Extracted from https://github.com/drdhaval2785/SanskritSorting/issues/7

@drdhaval2785 Could we please sort text with ; delimiters as well?

Input / Output

Because both as should go together: √1 as; √1 bhuj; √1 ci; √dā; √dhā; √dhāv; √gā; √gṛ; √hā; √hṛ; √kṛ (skṛ); √kṛt; √1 lī; √luṭh; √mā; √1 naś; √nu; √pā; √paś; √pat; √pṛ; √śās; √1 sidh; √śṛ; √1 stu; √1 tan; √1 ukṣ; √vā; √vap; √vid; √1 vṛ; √yu; √2 as; √aś;

Now if I have to replace ; with \n I get

| ī |
#√1 lī#

| u015b; |
#√aś;#

| ṛ |
#√śṛ#

| u1e5b) |
#√kṛ (skṛ)#

The thing is at the end I will have to convert \n back to ; but I will not get where I started, because there are several additional \n-s. So no luck. The √aś; can be manually cleaned up to √aś, but not √kṛ (skṛ) - it would have to remain such.

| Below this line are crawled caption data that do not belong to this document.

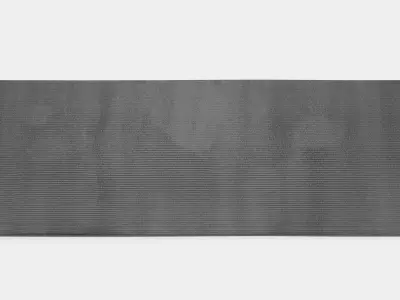 -Yoga Mattress- 3D model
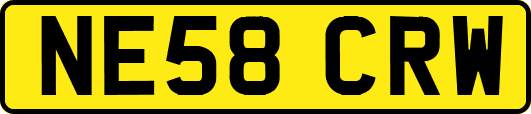 NE58CRW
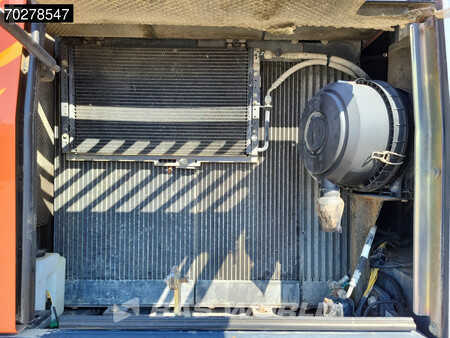 Mobilbagger 2013 Atlas 160W WEIGHT FROM BROCHURE! (29)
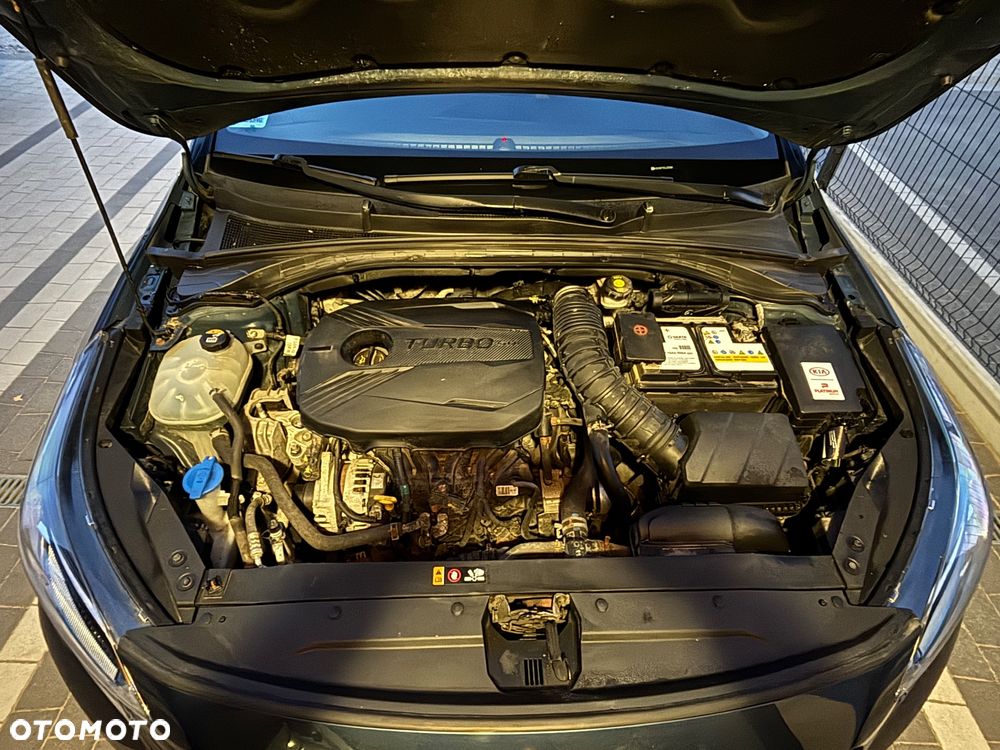 Kia XCeed 1.6 T-GDI XL DCT - 15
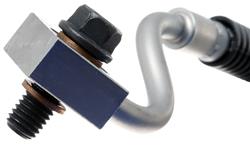 Raybestos Element3 Hydraulic Brake Hoses for 2013-2014 MUSTANG - BH383680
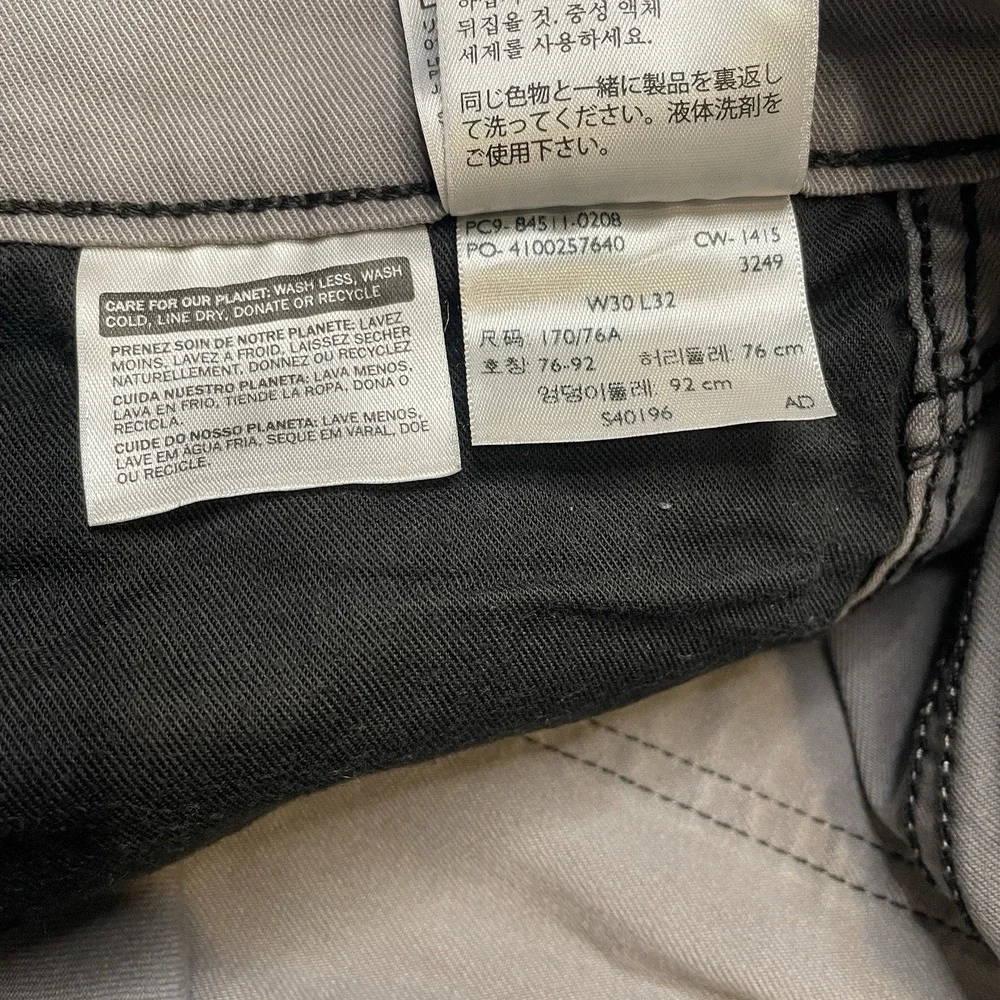 Levis product pair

drdhaval2785 commented 9 years ago

tried in Whitney.php

drdhaval2785 commented 9 years ago

Provide SLP1 data.

Small sample data sorting is here

gasyoun commented 9 years ago
√1 as; √1 Buj; √1 ci; √dA; √DA; √DAv; √gA; √gf; √hA; √hf; √kf (skf); √kft; √1 lI; √luW; √mA; √1 naS; √nu; √pA; √paS; √pat; √pf; √SAs; √1 siD; √Sf; √1 stu; √1 tan; √1 ukz; √vA; √vap; √vid; √1 vf; √yu; √2 as; √aS;
drdhaval2785 commented 9 years ago

-gā (1), -dā (1), -dhā (1), -pā (1), -mā (1), -vā (1), -hā (1); -ci (1); -lī (1); -tu (1), -nu (1), -yu (1); -kṛ (1), -gṛ (1), -pṛ (1), -vṛ (1), -śṛ (1), -hṛ (1); -j (1), -ṭh (1), -t (2), -d (1), -dh (1), -n (1), -p (1), -v (1), -ś (3), -ṣ (1), -s (3),

| gā |

√gā

| dā |

√dā

| dhā |

√dhā

| pā |

√pā

| mā |

√mā

| vā |

√vā

| hā |

√hā

| ci |

√1 ci

| lī |

√1 lī

| tu |

√1 stu

| nu |

√nu

| yu |

√yu

| kṛ |

√kṛ (skṛ)

| gṛ |

√gṛ

| pṛ |

√pṛ

| vṛ |

√1 vṛ

| śṛ |

√śṛ

| hṛ |

√hṛ

| j |

√1 bhuj

| ṭh |

√luṭh

| t |

√pat

√kṛt

| d |

√vid

| dh |

√1 sidh

| n |

√1 tan

| p |

√vap

| v |

√dhāv

| ś |

√aś

√1 naś

√paś

| ṣ |

√1 ukṣ

| s |

√1 as

√2 as

√śās

drdhaval2785 commented 9 years ago

http://drdhaval2785.github.io/whitneyiast.txt Code at whitney.php sorted in paragraph as suggested and not in columns

gasyoun commented 9 years ago

Input: a; ā; i; ī; u; ū; ṛ; ṝ; ḷ; ḹ; e; ai; o; au; ṃ; ḥ; k; kh; g; gh; ṅ; c; ch; j; jh; ñ; ṭ; ṭh; ḍ; ḍh; ṇ; t; th; d; dh; n; p; ph; b; bh; m; y; r; l; v; ś; ṣ; s; h Output: ñ; ā; ī; ś; ū; a; i; ai; u; au; e; o; k; g; c; j; t; d; n; p; b; m; y; r; l; v; s; kh; gh; ch; jh; th; dh; ph; bh; ḍh; ṭh; ḍ; ḥ; ḷ; ḹ; ṃ; ṅ; ṇ; ṛ; ṝ; ṣ; ṭ

Do you think it is not strange that: e; ai; o; au is now ai; u; au; e? Does not make much logic. au; o; ai; e would make more sense, no?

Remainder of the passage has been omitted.